Amazon Web Services Gears Elastic Kubernetes Service for Batch Work

Cloud giant Amazon Web Services has launched AWS Batch for its Amazon Elastic Kubernetes Service (Amazon EKS). AWS Batch is ideal for developers looking for a more simplified workflow when it comes to managing Kubernetes clusters and pods to use with their batch jobs, according to a Tuesday blog post from Steve Roberts, AWS developer advocate.
AWS announced this new service at KubeCon+CloudNativeCon North America, being held this week in Detroit.
Kubernetes “requires you to invest significant time in custom configuration and management to fine-tune a suitable solution,” wrote Roberts of setting up and running a batch job. AWS Batch for Amazon Elastic Kubernetes Service (Amazon EKS) is a fully managed Amazon Elastic Compute Cloud (Amazon EC2) service that handles the installation and management of complex, custom batch workloads. Built-in custom components, a scheduler, serverless queue, and integration offer batch job creation in fewer steps. The service itself is free of charge — the only costs associated are tied to the resources the job consumes.
Kubernetes has more of a microservice architecture feel, so when its pods and clusters are used in batch jobs, the workflow is a little heavier. And it makes sense — microservice and batch jobs are wildly different, so if a technology suites one well, then there would have to be a lot of work needed to carve out full functionality on the other.
There are third-party frameworks made to help run batch jobs on Kubernetes that do exist. But there are gaps, and inside those gaps is the heavy lifting of building, configuring, maintaining, scheduling, and scaling custom batch solutions, Roberts wrote.
Before diving into what Amazon aims to solve, let’s dive into some fundamental differences between the two:
Microservice applications tend to lean towards continuous running and availability vs batch jobs with defined starts and ends. Microservice workloads are expected to respond to requests within milliseconds. Batch jobs don’t require availability on nearly as tight of a timeline.
Finally, microservice jobs scale in more reliable patterns, usually linearly as the load increases and decreases. Batch jobs follow more exponential scaling as they tend to start at zero, get much more extreme, then go back to zero.
Introducing AWS Batch for Amazon EKS
This fully managed service runs batch workloads using clusters hosted on Amazon Elastic Compute Cloud (Amazon EC2) handles the installation and management of complex, custom batch solutions.
Some features of AWS Batch for Amazon EKS are:
- Scheduler: This controls and runs high-volume batch jobs together with an orchestration component that evaluates when, where, and how to place jobs submitted to a queue. Rather than having to coordinate the job, now the user just requests submitted to the queue.
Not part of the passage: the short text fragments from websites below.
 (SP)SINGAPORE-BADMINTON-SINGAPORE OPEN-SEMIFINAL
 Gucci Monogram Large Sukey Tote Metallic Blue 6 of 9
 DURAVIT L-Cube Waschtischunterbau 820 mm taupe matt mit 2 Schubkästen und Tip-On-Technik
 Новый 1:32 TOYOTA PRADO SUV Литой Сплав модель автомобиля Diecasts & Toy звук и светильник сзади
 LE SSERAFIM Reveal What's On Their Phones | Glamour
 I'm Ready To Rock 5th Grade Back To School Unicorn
- Serverless queue: The serverless queue handles job queueing, dependency tracking, retries, prioritization, compute resource provisioning for Amazon Elastic Compute Cloud (EC2) and Amazon Elastic Compute Cloud (EC2) Spot, and pod submission.
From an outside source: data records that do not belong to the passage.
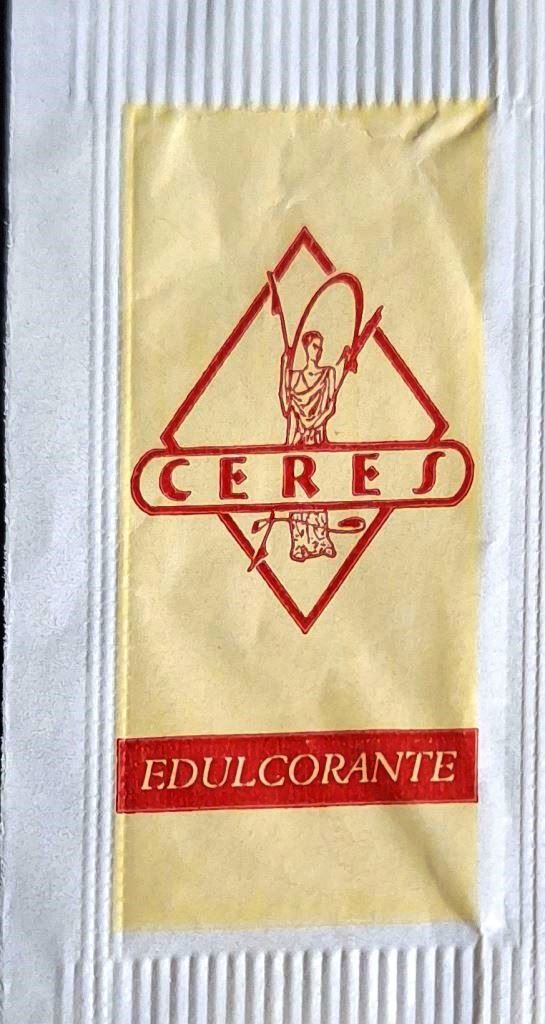 Sobres de edulcorantes de la marca de edulcorante CERES
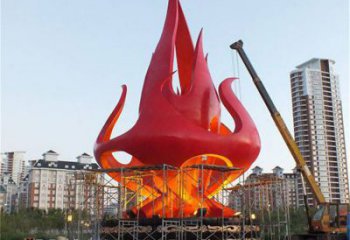 火炬雕塑优选，陆地摆件，不锈钢火炬雕塑供应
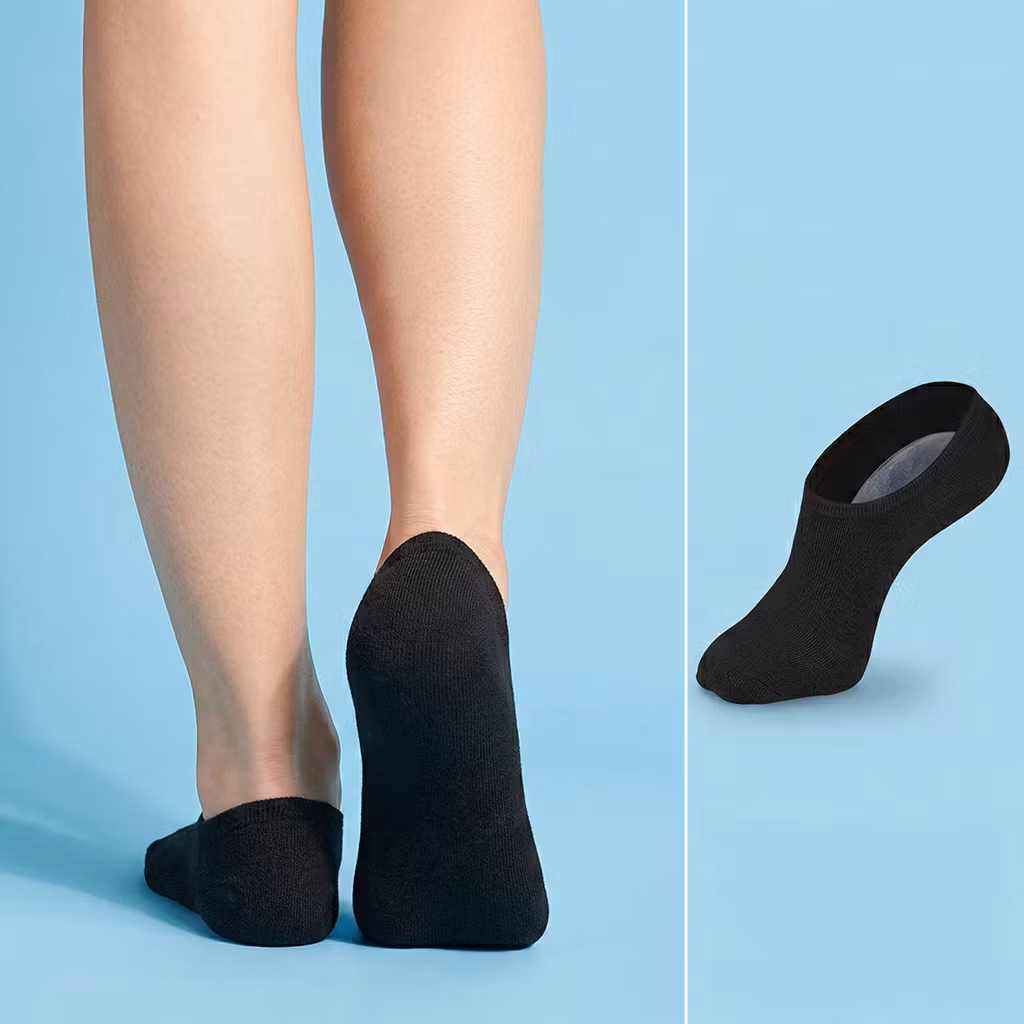 Kantapäätä pehmustavat geelisukat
- Integration: AWS Batch for Amazon EKS integration provides integration with other services such as AWS identity and Access Management (IAM), Amazon EventBridge, and AWS Step Function and other partners and tools in the Kubernetes ecosystem.
How It Works
AWS Batch is the main entry point to submit workload requests when running batch jobs on Amazon EKS clusters. Amazon Batch then launches worker nodes into the cluster to process the jobs based on the queued jobs. These nodes are kept separate in a distinct namespace from your other node groups in Amazon EKS. Similarly, nodes in other pods are isolated from those used with AWS Batch.
AWS Batch uses managed Amazon EKS Clusters, and these need to be registered with AWS Batch and have permissions set. Instructions for launching a managed cluster can be found here. Permission-setting instructions are located here.
Users can submit jobs to the queue. After a job is submitted, the following actions are triggered:
- Once received, the queue dispatches a request to the configured compute environment for resources. An AWS Batch managed scaling group is created if it does not already exist. The AWS Batch starts launching Amazon Elastic Compute Cloud (EC2) instances in the group. The new instances are then added to the AWS Batch Kubernetes namespace of the cluster.
- The Kubernetes scheduler places any configured DaemonSet on the node.
- Once the node is ready, the AWS Batch starts sending pod placement requests to the cluster using labels and taints to make the placement choices for the pods, bypassing much of the logic of the K8s scheduler.
- The process is repeated, scaling as needed across more EC2 instances in the scaling ground. This continues until the maximum configured capacity is reached.
- If the queued job has another compute environment defined, such as Spot instances, additional nodes will launch in that computing environment.
- AWS Batch removes the nodes from the cluster and terminates the instance once the work is complete.
AWS Batch is available today at no charge. The only cost associated with this service is the resources the job consumes. AWS created a self-guided workshop to help developers get started. There is also the Getting Started with Amazon EKS topic in the AWS Batch User Guide.